La file d’attente s’étend sur un kilomètre. Les traits tirés, Innocent Takura incline le siège de sa voiture pour un petit somme, en attendant son tour pour faire le plein d’essence. “Cette vie est dure, trop dure”, constate ce Zimbabwéen.
Les hommes de la police militaire, coiffés de bérets rouges, sont là pour veiller à l’ordre public et escorter les voitures jusqu’aux pompes de cette station du centre de la capitale Harare. Depuis des mois, les conducteurs attendent des heures, voire des jours, pour acheter du carburant, signe le plus visible de la situation économique et financière catastrophique du pays.
La décision samedi du gouvernement de doubler le prix des carburants, dans l’espoir de réduire la consommation et de lutter contre les trafics, a mis le feu aux poudres et lancé dans les rues du pays des milliers de Zimbabwéens en colère.
“Une augmentation de 150% ! Vous avez déjà vu ça ailleurs dans le monde ? “, fulmine Innocent Takura, épuisé par des années de galère. “C’est pour ça que les gens ont fini par manifester”, explique ce commerçant qui revend des chaussures achetées en Afrique du Sud voisine.

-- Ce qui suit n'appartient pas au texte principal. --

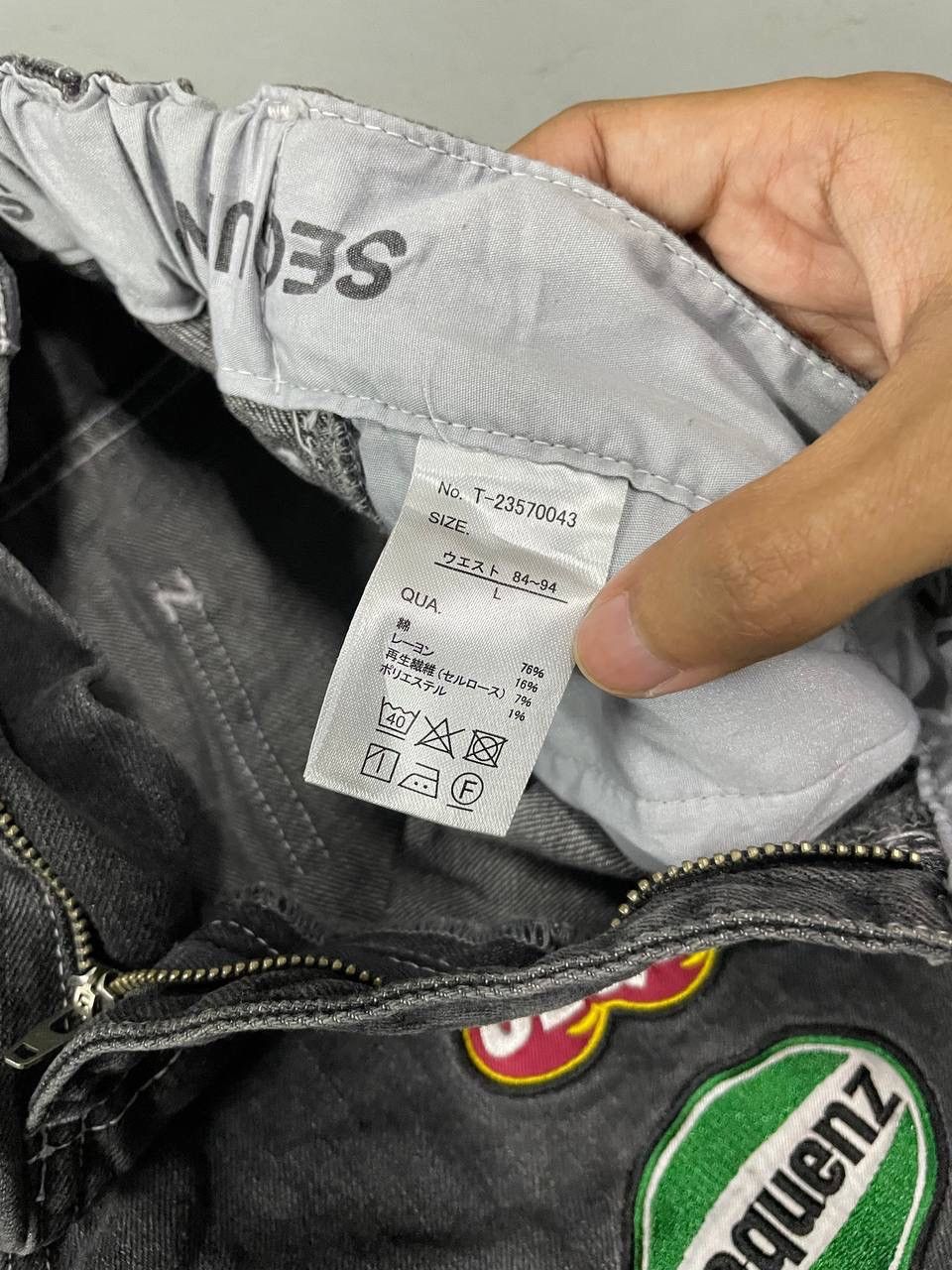 Japanese Brand Y2K BAGGY SEQUENZ FULL PATCH Size US 34 / EU 50 - 12 Thumbnail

Pour dénoncer l’augmentation spectaculaire des prix des carburants, le principal syndicat du pays (ZCTU) a appelé à une grève générale de trois jours. Les manifestations ont tourné à l’émeute en début de semaine, avec pillages et répression brutale des forces de l’ordre. Au moins trois personnes ont été tuées, selon les autorités.
Etranglé
Le Zimbabwe traverse sa pire crise économique et financière depuis une décennie.Lors de son arrivée au pouvoir fin 2017, après la chute de Robert Mugabe, le nouvel homme fort du pays Emmerson Mnangagwa avait pourtant promis de relancer l’économie.
La réalité est toute autre. Les prix explosent – certains ont triplé en quelque semaines -, le gouvernement peine à régler ses factures, les retraits d’argent dans les banques sont rationnés et les commerces fonctionnent au ralenti, faute de dollars.
Le Zimbabwe a abandonné en 2009 sa monnaie, le dollar zimbabwéen, qui avait perdu toute valeur à cause de l’hyperinflation et utilise depuis le dollar américain.
L’opération n’a pas longtemps permis de stabiliser l’économie. Très vite, le pays a commencé à manquer de billets verts. En cause, selon les experts, la chute drastique de la production agricole – après une réforme agraire lancée aux début des années 2000 – et de la production industrielle et minière.
Le pays s’est alors retrouvé à importer massivement. “Cela a conduit à une pénurie de dollars, et quand la pénurie est devenue grave, le gouvernement a commencé (en 2016) à imprimer des +bond notes+”, équivalent d’une monnaie locale, explique l’économiste John Robertson.
Mais la population – échaudée par l’expérience de 2009 quand elle avait perdu en une nuit ses économies – a alors commencé à sortir ses dollars du pays.
A genoux
Rapidement, les “bond notes”, officiellement d’une valeur égale au dollar, ont perdu de leur valeur, obligeant les Zimbabwéens à payer par voie électronique.
La réalité quotidienne aujourd’hui est très complexe. Les prix des produits dépendent des moyens de paiement.
Si le client effectue la transaction en dollars, il paie le prix le plus bas. S’il a seulement des “bond notes” ou de la monnaie électronique, le prix est plus élevé.
Pour s’en sortir, les entreprises cherchent par tous les moyens des dollars pour s’approvisionner à l’étranger. Il y a deux semaines, la plus grande brasserie du pays, Delta, a annoncé qu’elle allait vendre ses boissons uniquement en dollars. Sous la pression du gouvernement, elle a toutefois été contrainte d’y renoncer.
“Le pays est à genoux parce qu’il n’y a pas d’industrie, pas d’agriculture (…) Bref, il n’y a pas d’économie”, résume le président de la Chambre de commerce du Zimbabwe, Christopher Mugaga.
“La pression est trop forte. Les gens sont à bout”, prévient Prudence Ndlovu, coincée dans une queue qui s’étire depuis une station-service de la capitale. “C’est un pays très spécial, un pays où vous vous réveillez un jour et où on vous dit que les dollars valent un +bond note+. Mais en fait c’est une blague. C’est comme convertir mon argent en papier toilette”, lance-t-elle. “On a simplement au pouvoir une version plus jeune de Mugabe”, conclut-elle dépitée.